My (front-loader) wash routine is normally prewash with Allen's Naturally, then sanitary cycle with nothing added, then extra rinse, then dryer dry. They've also been washed with Tide a couple of times (before I learned it gave DS a rash), washed with oxyclean several times, and stripped with Dawn dish detergent (added to a wash).

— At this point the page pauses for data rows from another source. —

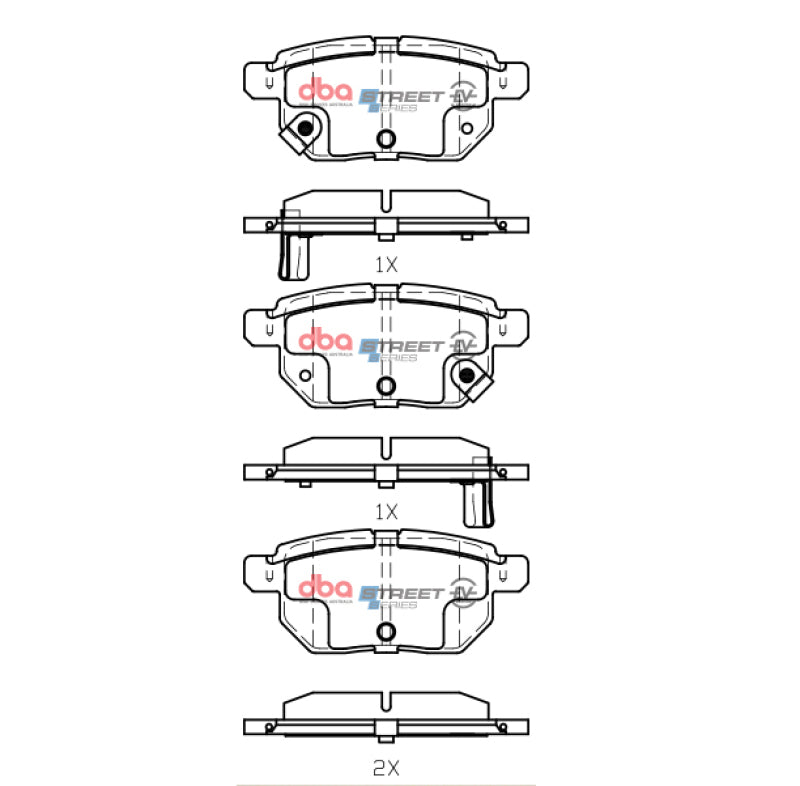 DBA 09-10 Pontiac Vibe Base 2.4L Rear SSEV Street Series Brake Pads - DB1786SSEV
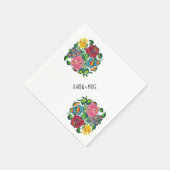 Opvallende Hongaarse bloempersonalized Servet (Hoek)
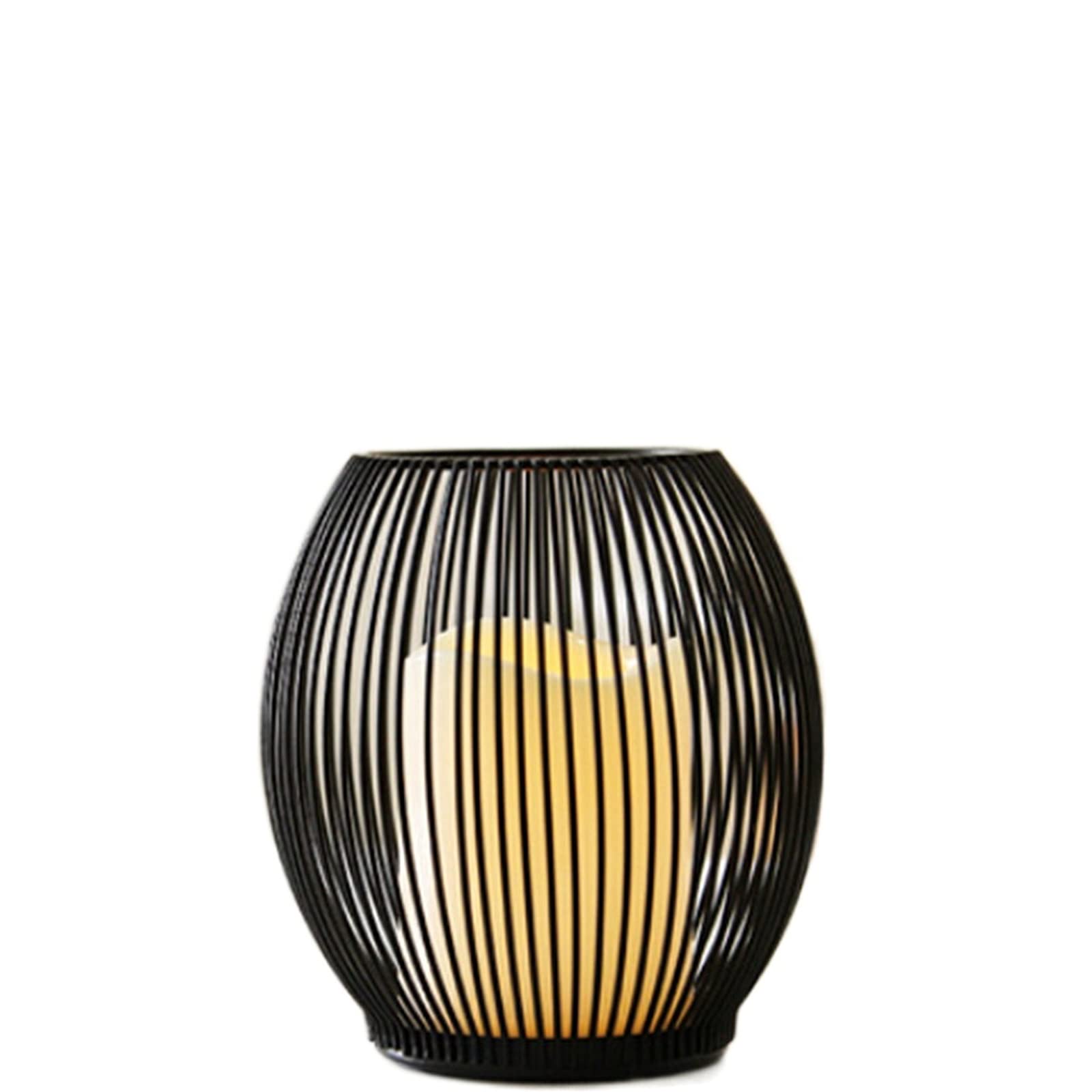 Sbjklyrn One Color Candleholder, Black Metal Hollow Like A Bird Cage Lantern Candle Holder Without Led Lights Home Hotel Decoration Ornaments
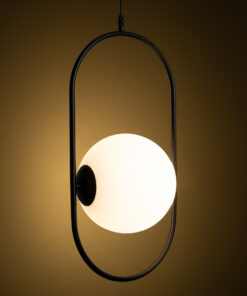 Alternative view of GLOBOSTAR® HAMBURG 00591 Μοντέρνο Κρεμαστό Φωτιστικό Οροφής με Ντουί 1 x E14 AC 220-240V IP20 - Μαύρο & Λευκό - Μ25 x Π20 x Υ50cm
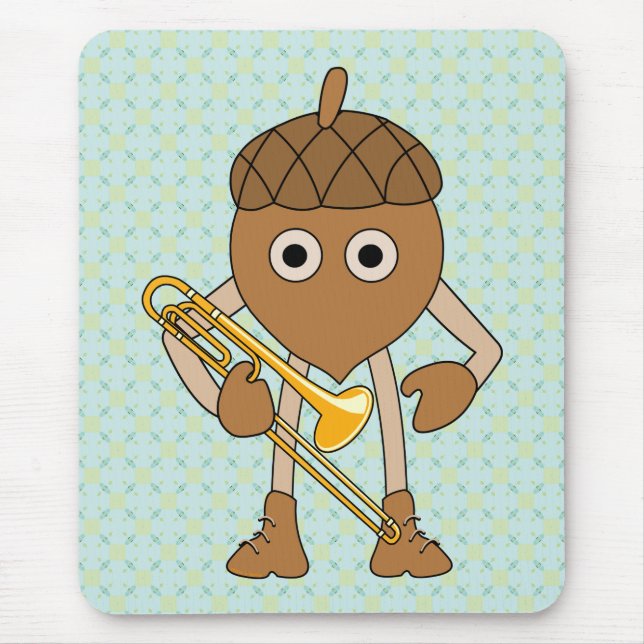 Trombone Nut Mouse Pad (Front)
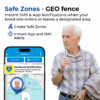 Senior safety watch with geofence arrival and exit notifications for caregivers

I know that Linda from HH recommends drying PUL to keep it waterproof, FB recommends occasionally washing with oxyclean, and lots of people recommend stripping pockets with Dawn, so I'd be surprised if these are causing this problem, but I don't know... Thanks in advance for your help!


----------



## 3 Little Monkeys (Mar 13, 2003)

I've never had any of my pul get sticky - some of mine were used in heavy rotation and always dried in the drier and we never had any issues. your wash routine doesn't seem odd in any way - have you contacted SB about it?


----------



## wawoof (Aug 17, 2003)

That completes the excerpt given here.